Member of the New Jersey General Assembly from the 27th district
- In office January 10, 1978 – January 12, 1982
- Preceded by: John N. Dennis
- Succeeded by: Mildred Barry Garvin Harry A. McEnroe

Member of the New Jersey General Assembly from the 30th district
- In office January 12, 1982 – January 13, 1986
- Preceded by: Michael F. Adubato Anthony Imperiale
- Succeeded by: Marion Crecco John V. Kelly

Personal details
- Born: March 19, 1946 (age 80) Orange, New Jersey
- Party: Democratic
- Alma mater: Rider College
- Occupation: Newspaper publisher

= Buddy Fortunato =

American politician (born 1946)

Angelo Joseph Fortunato (born March 19, 1946), also known as Buddy Fortunato, is an American newspaper publisher and Democratic Party politician who served four terms in the New Jersey General Assembly.

==Biography==
Fortunato was born in Orange, New Jersey in 1946. He graduated from Montclair High School where he received all-state high school honors in baseball and football. He then attended Rider College where he graduated in 1968. Since 1971, he has been executive of The Italian Tribune, a Newark-based publication focused primarily on Italian American culture.

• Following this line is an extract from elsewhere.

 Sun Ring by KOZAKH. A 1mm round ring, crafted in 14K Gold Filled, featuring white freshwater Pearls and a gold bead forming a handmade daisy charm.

In 1977, Fortunato, a resident of Glen Ridge, was elected to the General Assembly from the 27th district encompassing the northern suburbs of Essex County. He came in second place behind incumbent Republican Carl Orechio. In the next election in 1979, Fortunato placed first in the election ahead of Orechio. After redistricting in 1981, the northern Essex district was slightly reconfigured and renumbered the 30th district. Fortunato came in first in the 1981 election ahead of Republican John V. Kelly. He again was reelected in 1983 but for the first time his Democratic running mate, Steve Adubato Jr., was also elected. During the 1984–1985 Assembly session, he was chairman of the Committee on Independent Authorities and Commissions and vice chair of the Transportation and Communications Committee.

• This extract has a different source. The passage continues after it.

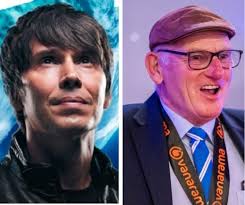 Professor Brian Cox had the opportunity to hold Oldham Athletic's National  League play-off winners' trophy, and he was presented with the Oldham coat  of arms during a special homecoming visit this week.⚽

In April 1985, he was indicted on allegedly accepting a bribe of $2,000 in exchange for getting the sons of Clifton resident Vito Maglione jobs at the New Jersey Turnpike Authority. The indictment plus the strong coattails of Republican Thomas Kean in the gubernatorial election led to the defeat of Fortunato and Adubato by Republicans Kelly and Marion Crecco. Fortunato was later acquitted of the bribery charges in 1987 and attempted to stage a comeback to the Assembly in 1989. However, he was narrowly defeated in the general election by Kelly and Crecco.